Aircraft Carrier USS Abraham Lincoln Serves as Location for Top Gun' Sequel


Aircraft Carrier USS Abraham Lincoln Serves as Location for Top Gun’ Sequel

Contributed by Debbie Gregory

“Top Gun: Maverick,” the sequel to the 1986 Hollywood blockbuster “Top Gun,” is working to fulfill the need for speed aboard the USS Abraham Lincoln.

According to service spokesperson Lt. Cdr. Daniel Day, the Navy is supporting one shoot aboard USS Abraham Lincoln, per a Production Assistance Agreement signed by Paramount Pictures and the Department of Defense.

“Our priority will always be war-fighting, and training combat-ready Naval aviation forces … That being said, we believe we can support the film and simultaneously achieve training objectives,” Day said.

The crew is shooting footage on the flight deck of air operations, which will likely pair the Navy’s new Lockheed Martin F-35C Lightning II Joint Strike Fighters alongside older Boeing F/A-18E/F Super Hornets from Virginia Beach-based Carrier Air Wing Seven, taking off and landing as part of their carrier qualifications. Paramount will reimburse the Navy for any costs associated with flying sequences that do not meet training objective.

“This opportunity is one of many aircraft carrier embarks planned pier-side and at sea on both coasts coordinated by the Commander, Naval Air Forces,” said Naval Air Force Atlantic spokesman Cmdr. Dave Hecht.

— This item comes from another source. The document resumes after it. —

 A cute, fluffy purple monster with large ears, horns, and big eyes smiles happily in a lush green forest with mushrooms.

The sequel has Tom Cruise reprising his role as Pete “Maverick” Mitchell and Val Kilmer back as Tom “Iceman” Kazansky. Miles Teller is playing the son of Maverick’s best friend, Nick “Goose” Bradshaw, who was killed in the original film during a training accident.

Rounding out the cast is Jennifer Connolly, Glen Powell, Jon Hamm, Ed Harris, Lewis Pullman, Charles Parnell, Bashir Salahuddin, Monica Barbaro, Danny Ramirez, and Jay Ellis.

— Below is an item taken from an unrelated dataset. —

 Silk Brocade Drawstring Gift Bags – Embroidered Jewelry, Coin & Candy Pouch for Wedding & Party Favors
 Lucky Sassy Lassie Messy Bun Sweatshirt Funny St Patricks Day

Movie producer John Davis claimed that Top Gun was a recruiting video for the Navy, that people saw the movie and said, “Wow! I want to be a pilot.” After the film’s release, the US Navy stated that the number of young men who joined wanting to be Naval Aviators went up by 500 percent.

The sequel had a tentative release date of July 2019 but now appears likely to hit theaters in June 2020… 34 years after the original movie made its debut.